Online Universities and MBAs and How They Came Together

You would be right to think that online universities are recent innovations. The very channel that makes this type of learning possible is a new invention in itself. The actual start of distance learning, though, was about three hundred years ago.

Although the technology is somewhat recent, the concept of learning in an informal environment, without the need for the educator and student to be in the same room, is centuries old. For instance, one can look at the development of a lesson plan by a man back then who was teaching shorthand to people through mailed letters. Each lesson was received and carred to pupils through the regular post.

Among the very first colleges to have these sorts of offerings was the University of London, midway through the 1800s. Mailing lessons and quizzes was tried out first across the Atlantic by the University of Chicago. It was not long before Australians started to do the same.

There were some changes in the way the education was provided to distance learners when people invented things like TV. Soon, more universities got on the bandwagon for this kind of education. By 1996, there was already an accredited college: Jones International.

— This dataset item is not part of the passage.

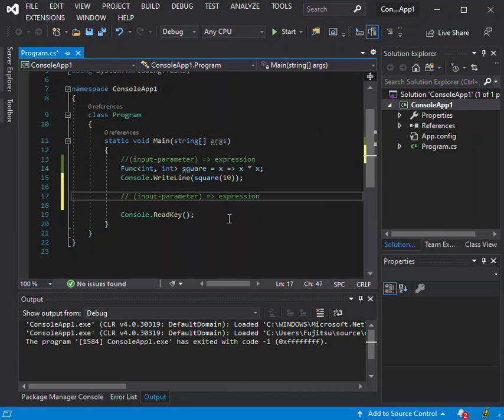The parentheses around the input parameter are optional only if the lambda has one input parameter. So to keep us going, let's make an example of an expression lambda.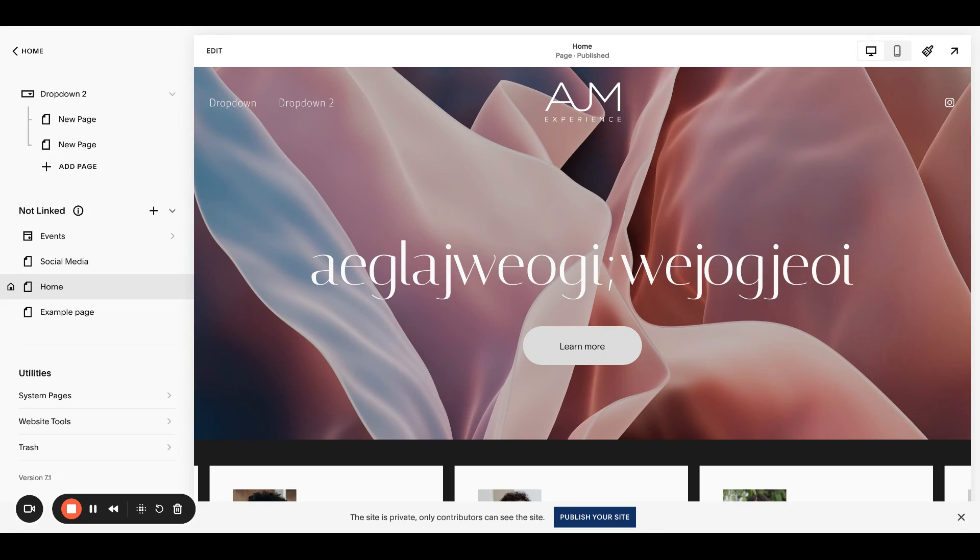Hello, welcome back to AJM Learn. Today I'm going to show you how to change the logo on one page of your site or remove the logo on one page of your site. So we'll start with changing it.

As for those interested in the history of the MBA relative to this subject, they have to start with the knowledge of the first institution to have a formal school for business graduate programs: Dartmouth. Back then, it was referred to by an alternative term, although the program eventually came to take the name we know it by today. Then Harvard came to the scene, providing actual masters programs for business administration.

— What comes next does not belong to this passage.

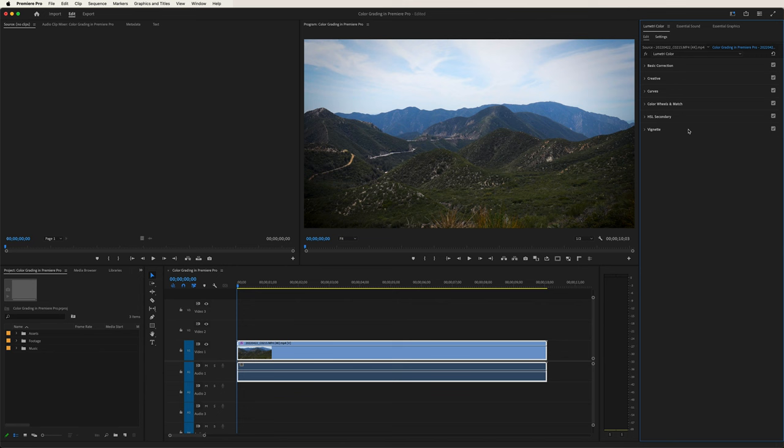And that's how you use the Lumetri color panel. There's a lot of things you can do — from basic correction, to more creative effects, to the curves, to the color wheels, the secondary, and the vignette. Lots of things you can do to give your image the extra oomph that it needs. That's the tutorial, guys. If you like what you saw, you can subscribe, like the video, and throw down a comment below if you have any questions or thoughts. I look forward to seeing you in my next video. Take care.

At first, there were some concerns that the programs did not provide truly advanced studies that were useful outside of the academe. It was even stated that graduate studies are no better than completing a vocational course. For these reasons, many of the people associated with the course were shunned as unskilled ones.

This was why people in the academe started to mandate the study of even basic subjects in the graduate program. Specializing in a particular area suddenly became an option. The training was thus sharpened and enhanced for maximum effect.

Unfortunately, the critique did not exactly stop: it simply changed. There were allegations of graduates being so theoretically-inclined that they had trouble with the less-than-predictable real world. The problem too was that several schools hired professors who did not have experiential knowledge of their subjects.

Companies slowed down in their hiring of masters of business administration degree-holders. Modifications were obviously the order of the day. This is why the MBA of today is largely different from that of the past.

Education needs to reflect what people have learned and are learning in commerce each day, hence the need for such mutations in the academe. Even now,
online universities as well as offline ones are making new modifications to the MBA programs they offer. Thus, you should apply only to colleges that keep up with the times.